# Data shown

▬▬▬

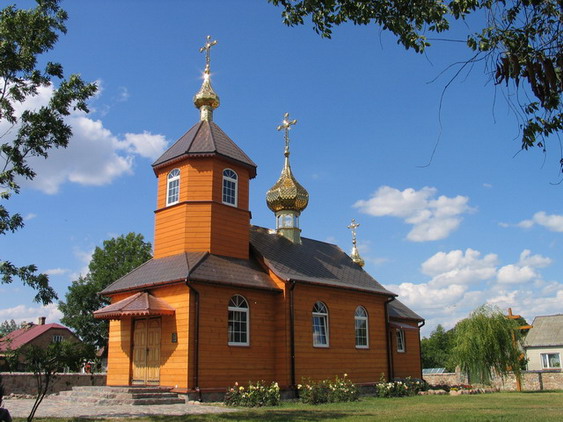 Ortodox church in Kostomloty monastery, Poland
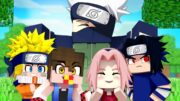 BEBÊ TREVIN foi ADOTADO pelo TIME 7 NARUTO , SASUKE e SAKURA no Minecraft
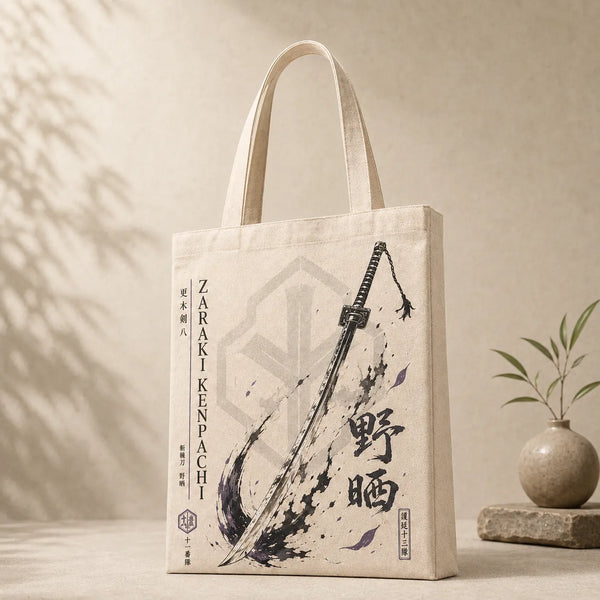 Nozarashi Ink Study - Kenpachi Sumi Graphic Tote - main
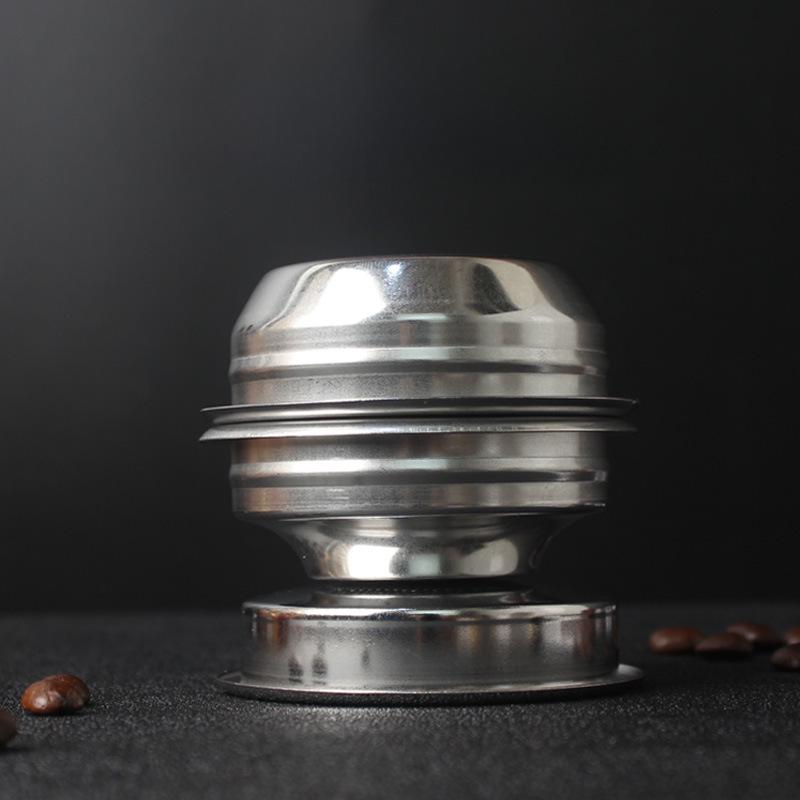 Universal-Blindschale für italienische Kaffeemaschinen: 51/53/58 mm Griff für Einzel-/Doppeltasse, Reinigungsschale für Brühkopf ohne Loch.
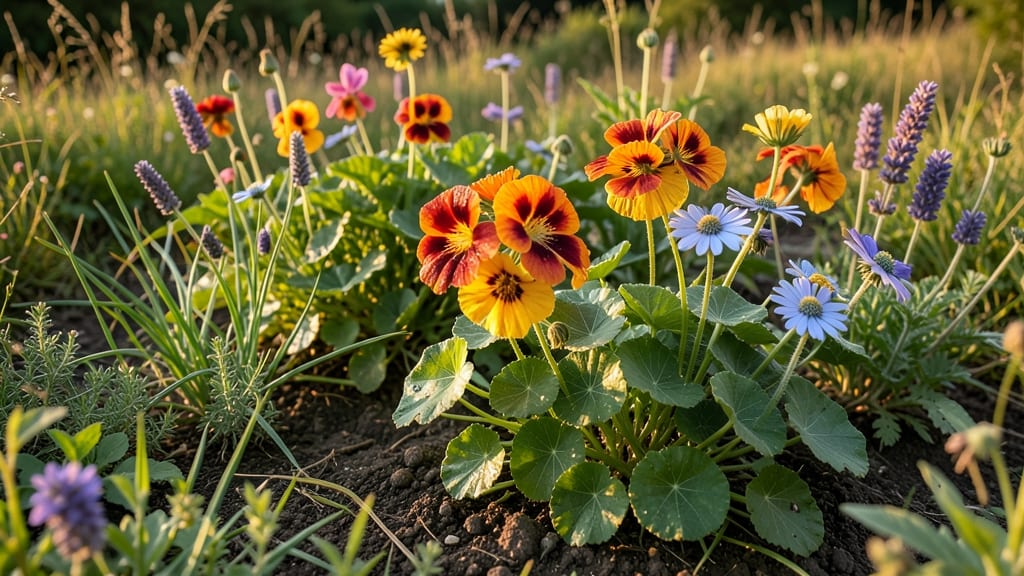 Edible Wildflower Salad Garden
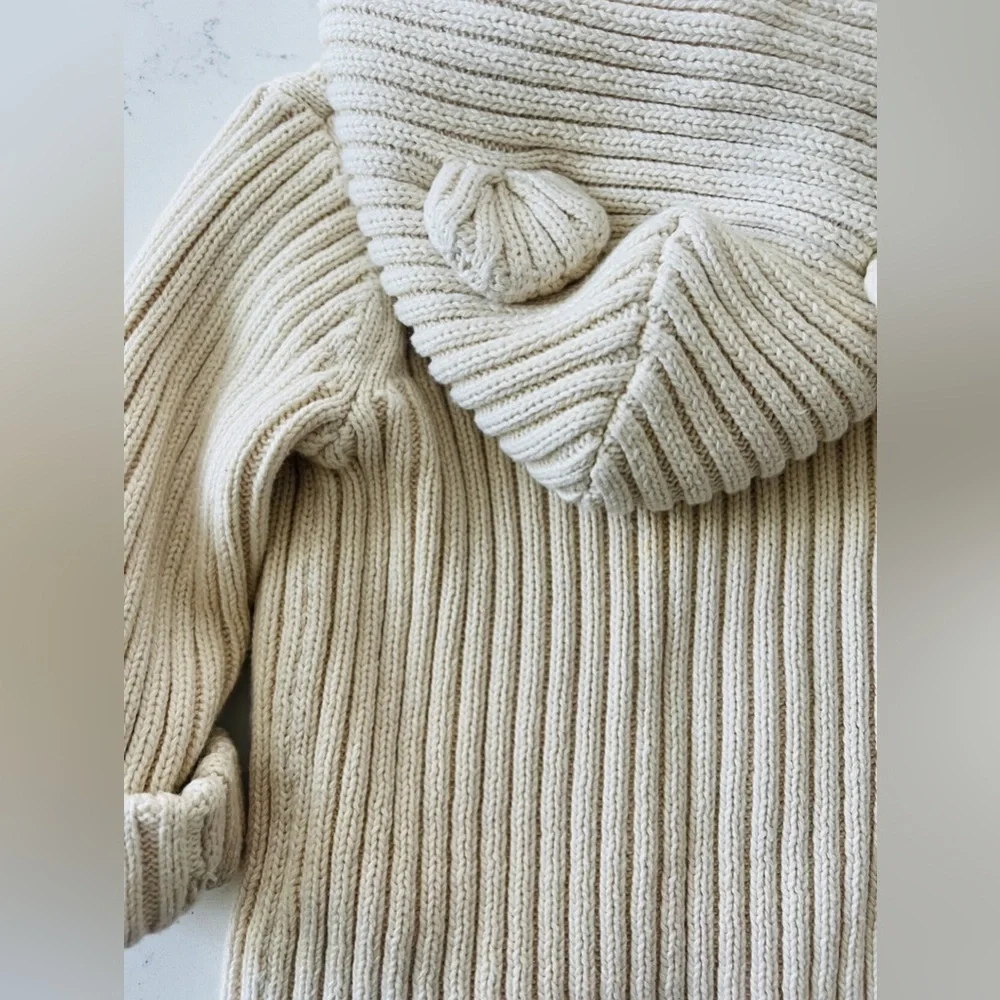 Baby Gap Ribbed Teddy Bear knit Cardigan Size 6-12m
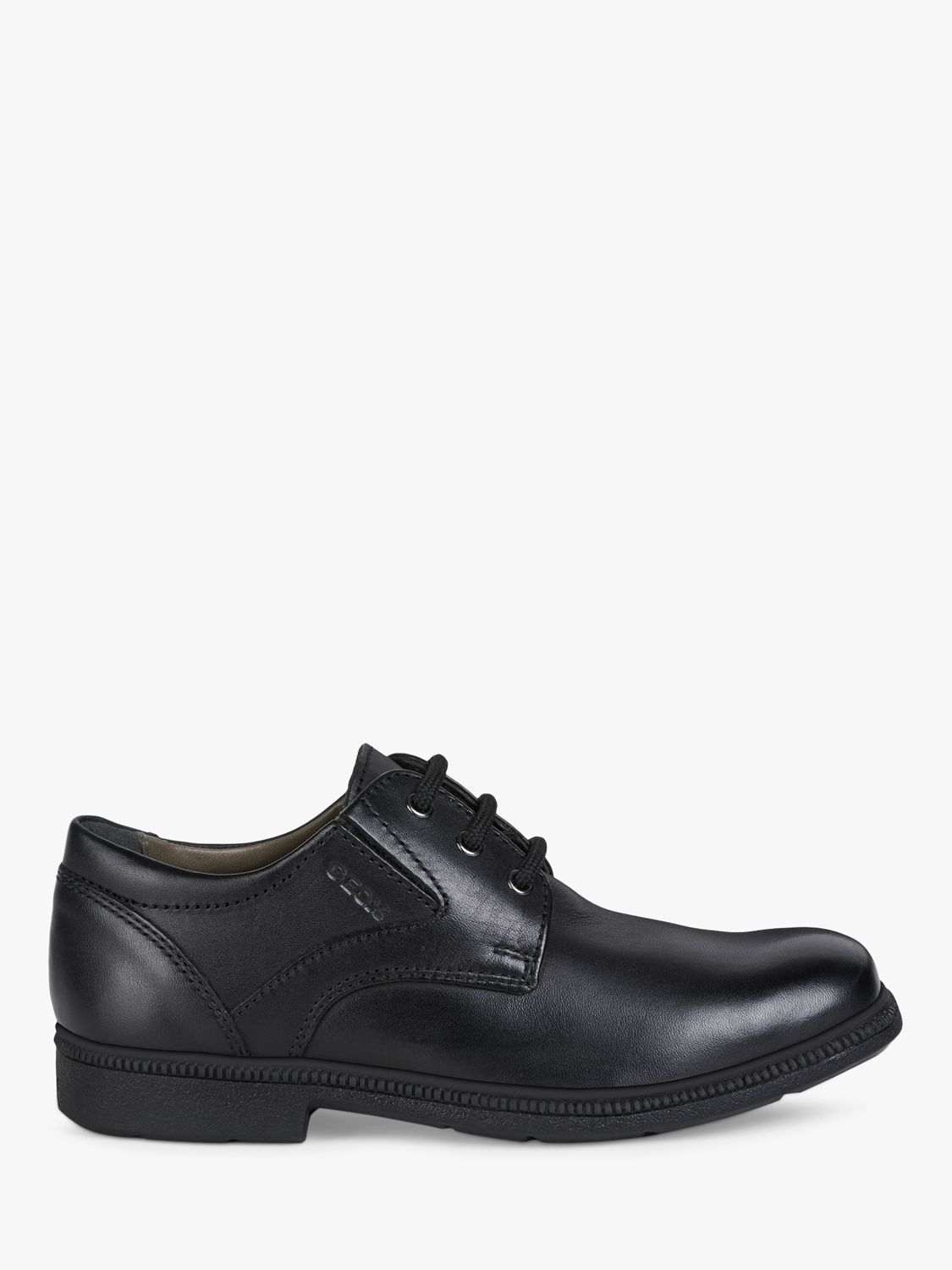 Buy Geox Federico Laced Shoes, Black Online at johnlewis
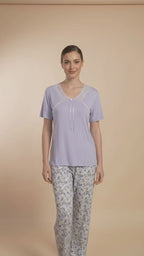 Women's floral pajama set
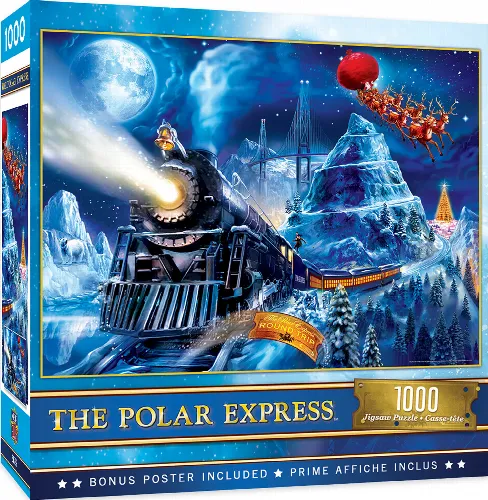 MasterPieces Polar Express Jigsaw Puzzle - Race to the Pole Christmas - 1000 Piece - Image 1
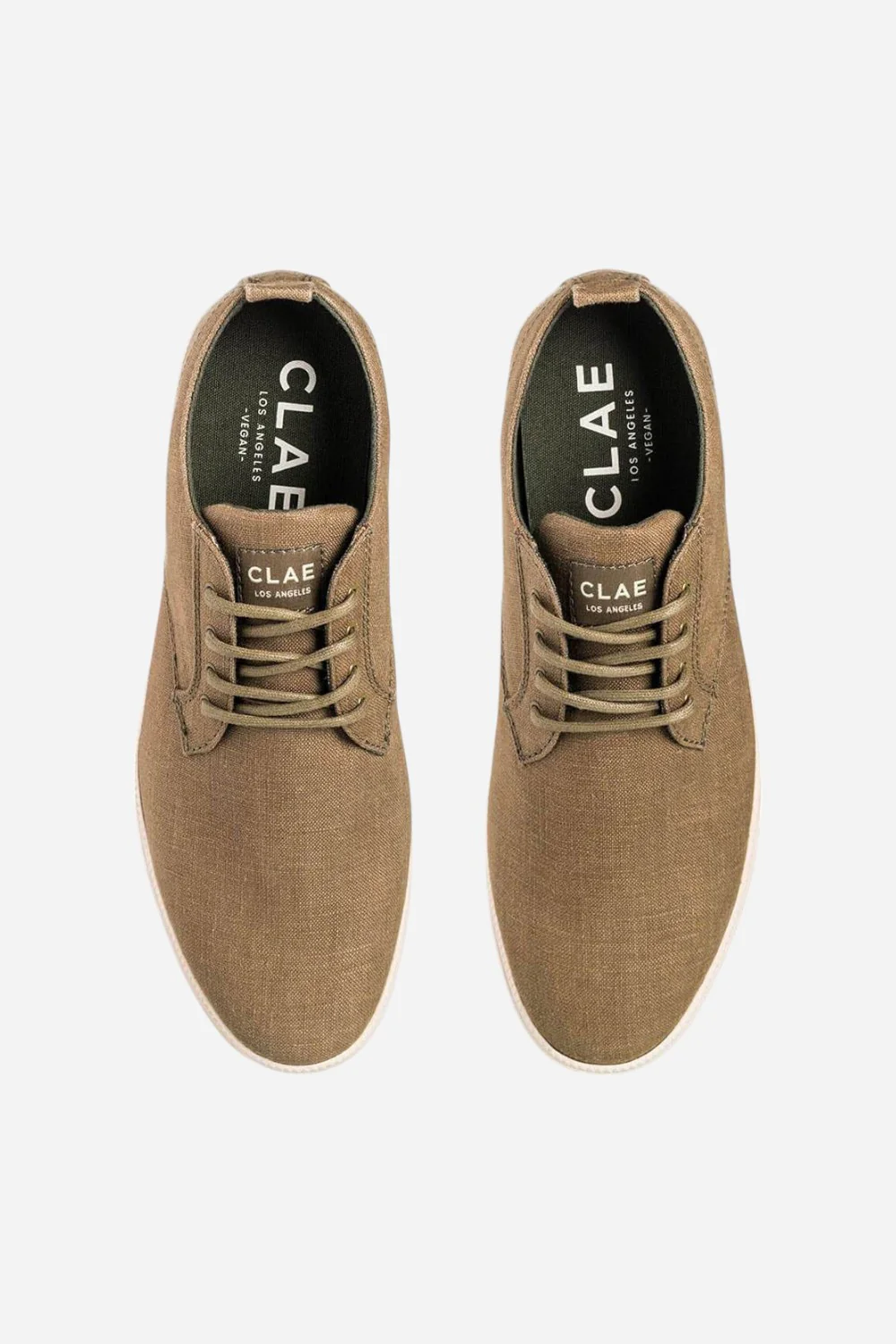 CLAE Ellington Textile Sneaker In Army Hemp - Image 3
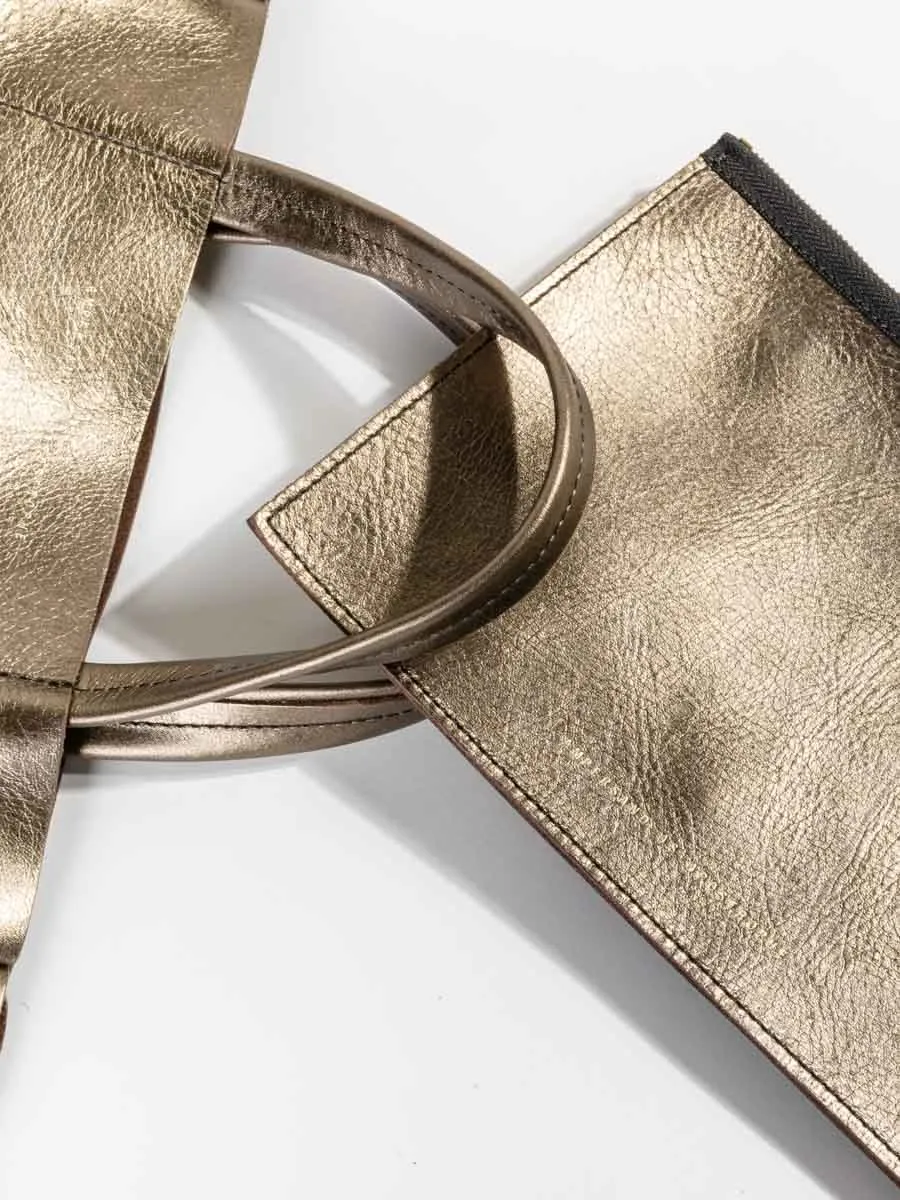 half tote - sunset metallic
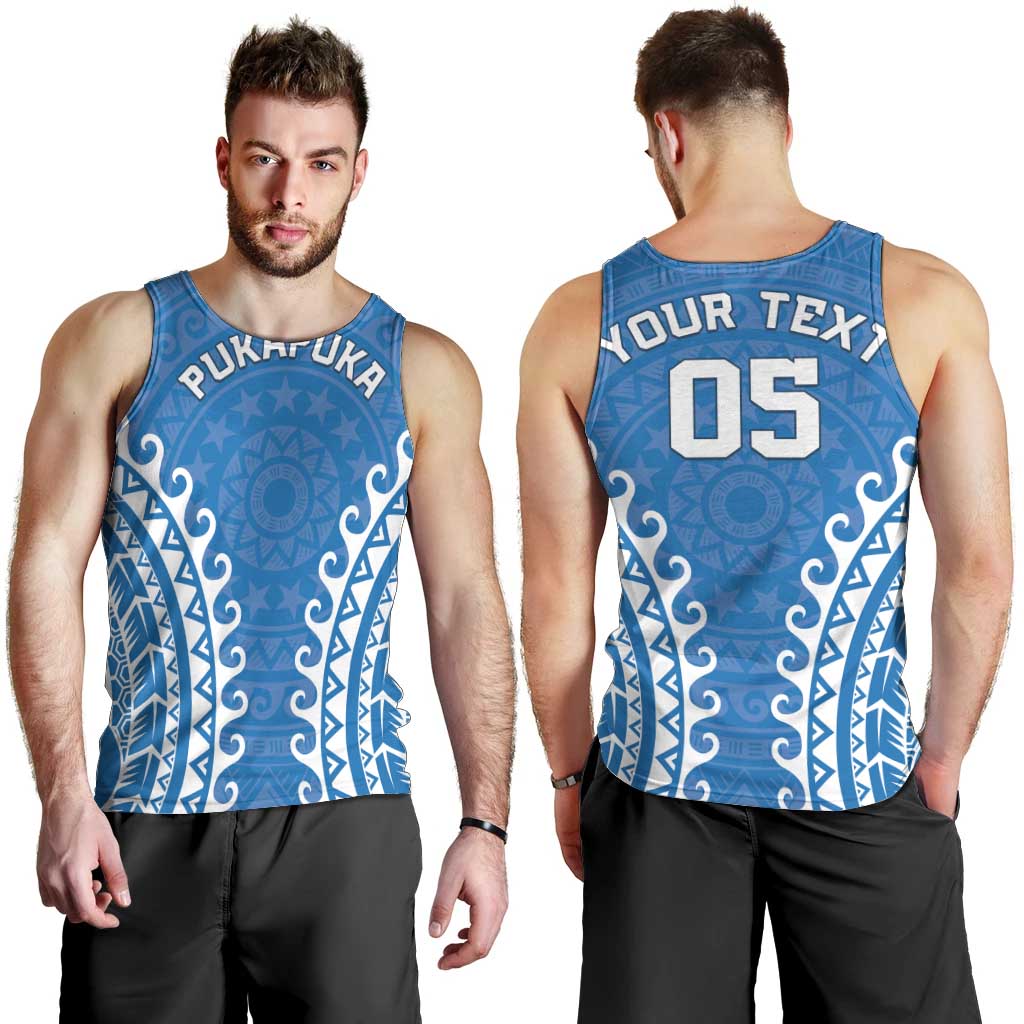 Custom Cook Islands Pukapuka Men Tank Top Polynesian Tribal Tattoo LT05 - Polynesian Pride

▬▬▬

# Task to carry out
Return the data above unchanged. Pictures are not part of the copy.

# Task solution
 Ortodox church in Kostomloty monastery, Poland
 BEBÊ TREVIN foi ADOTADO pelo TIME 7 NARUTO , SASUKE e SAKURA no Minecraft
 Nozarashi Ink Study - Kenpachi Sumi Graphic Tote - main
 Universal-Blindschale für italienische Kaffeemaschinen: 51/53/58 mm Griff für Einzel-/Doppeltasse, Reinigungsschale für Brühkopf ohne Loch.
 Edible Wildflower Salad Garden
 Baby Gap Ribbed Teddy Bear knit Cardigan Size 6-12m
 Buy Geox Federico Laced Shoes, Black Online at johnlewis
 Women's floral pajama set
 MasterPieces Polar Express Jigsaw Puzzle - Race to the Pole Christmas - 1000 Piece - Image 1
 CLAE Ellington Textile Sneaker In Army Hemp - Image 3
 half tote - sunset metallic
 Custom Cook Islands Pukapuka Men Tank Top Polynesian Tribal Tattoo LT05 - Polynesian Pride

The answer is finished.